O progenitor veio denunciar aos autos posteriores incumprimentos protagonizados pela progenitora, designadamente ocorridos em 15 de Maio de 2020, consubstanciados na não entrega do menor pela progenitora, altura em que mais uma vez chamou as autoridades para que fosse lavrado auto.
Foi proferido despacho em 21/05/2020 que, apesar de ter considerado desnecessária a passagem de mandados de recolha e entrega do menor, consignou que o menor não tem direito de veto e que o regime em vigor teria de ser escrupulosamente cumprido, insistindo pelo relatório em falta, que entretanto foi junto em 22/05/2020.
O progenitor volta a dar conta de novo incumprimento em 22 de Maio, pugnando pela entrega imediata do menor pelas autoridades policiais.
Foi designada data para tomada de declarações ao menor, que teve lugar em 16 de Junho de 2020.

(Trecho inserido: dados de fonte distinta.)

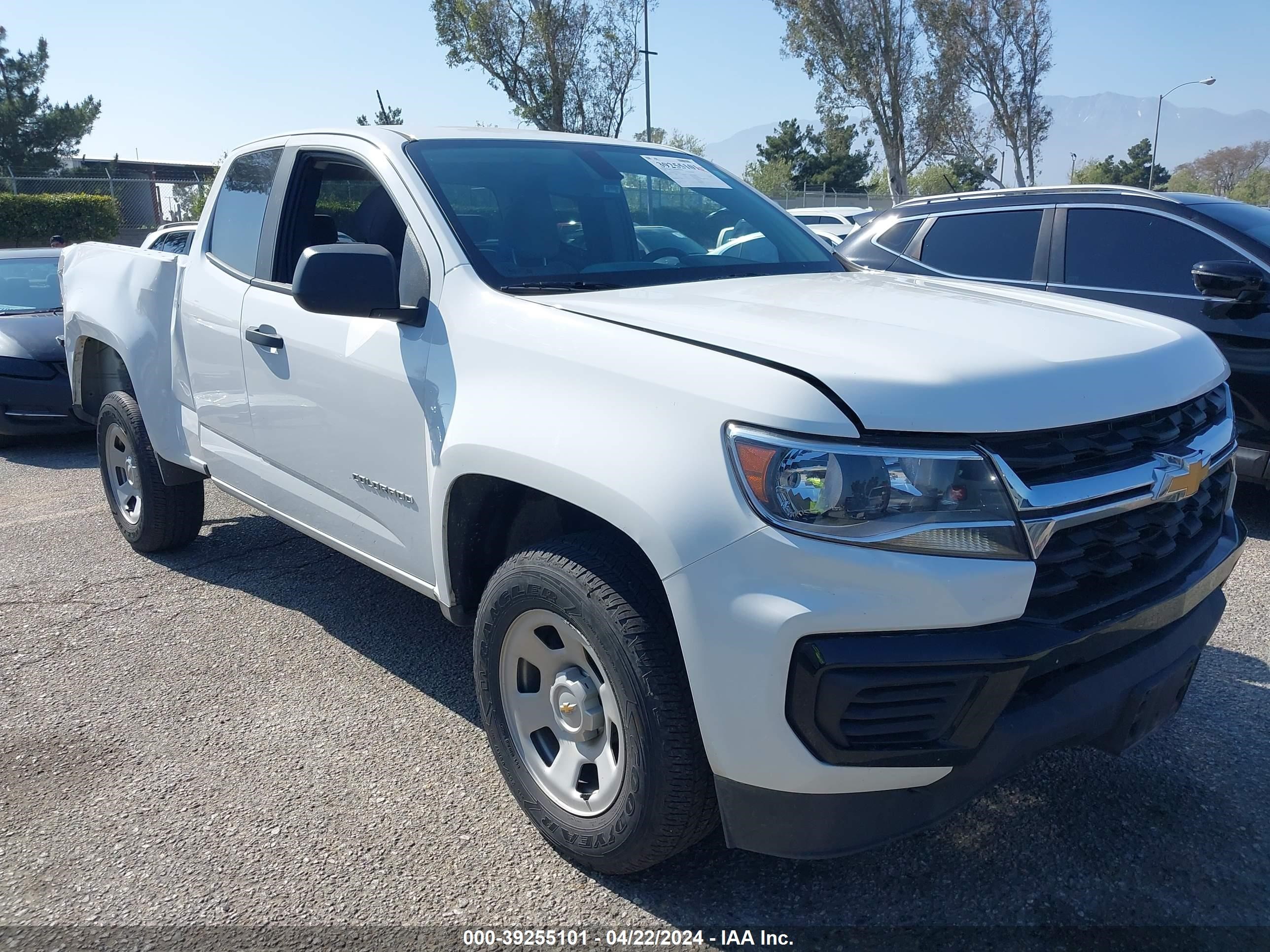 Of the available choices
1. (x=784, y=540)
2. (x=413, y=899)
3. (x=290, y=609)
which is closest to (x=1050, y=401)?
(x=784, y=540)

Nessa diligência a Exma. Psicóloga vincou que, após ouvir o menor, “acha que ele não deve fazer um luto de um pai vivo e que não se deve cessar os convívios, deverá também corrigir-se as situações que no presente estão a causar desconforto. Quanto ao referir que não tem saudades pode estar-se perante um conflito de lealdade, sendo que tal pode suceder mesmo sem influência directa, pois colocando-se uma criança no meio do conflito é mais fácil para uma criança tomar um dos lados do que tentar descentrar-se. Se houver um regime salutar o regime de residência alternada é adequado”.

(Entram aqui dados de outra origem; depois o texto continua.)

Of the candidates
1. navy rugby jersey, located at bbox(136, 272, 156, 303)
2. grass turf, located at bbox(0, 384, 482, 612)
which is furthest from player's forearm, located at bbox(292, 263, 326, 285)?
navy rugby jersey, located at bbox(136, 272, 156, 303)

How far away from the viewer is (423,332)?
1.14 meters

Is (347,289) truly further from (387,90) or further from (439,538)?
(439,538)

Concordamos, por exuberância, com a posição assumida pela Exma. Psicóloga, pois na verdade, é profundamente lamentável que este menor tenha sido arrastado para o conflito judicial dos progenitores, que acabou por tomar o partido da progenitora, optando por cortar os vínculos com o pai, fazendo uma espécie de “luto de pai vivo”, o que obviamente não deixará de trazer consequências não despiciendas na vida deste jovem, até porque o arquétipo paterno não é fungível.
Ouvido o menor e demais intervenientes, foi aplicada por acordo, uma medida de apoio junto dos pais, passando o jovem a beneficiar de consultas psicológicas e assumindo os progenitores vários compromissos designadamente de não falar com o filho sobre os assuntos do tribunal, nem falar mal do outro.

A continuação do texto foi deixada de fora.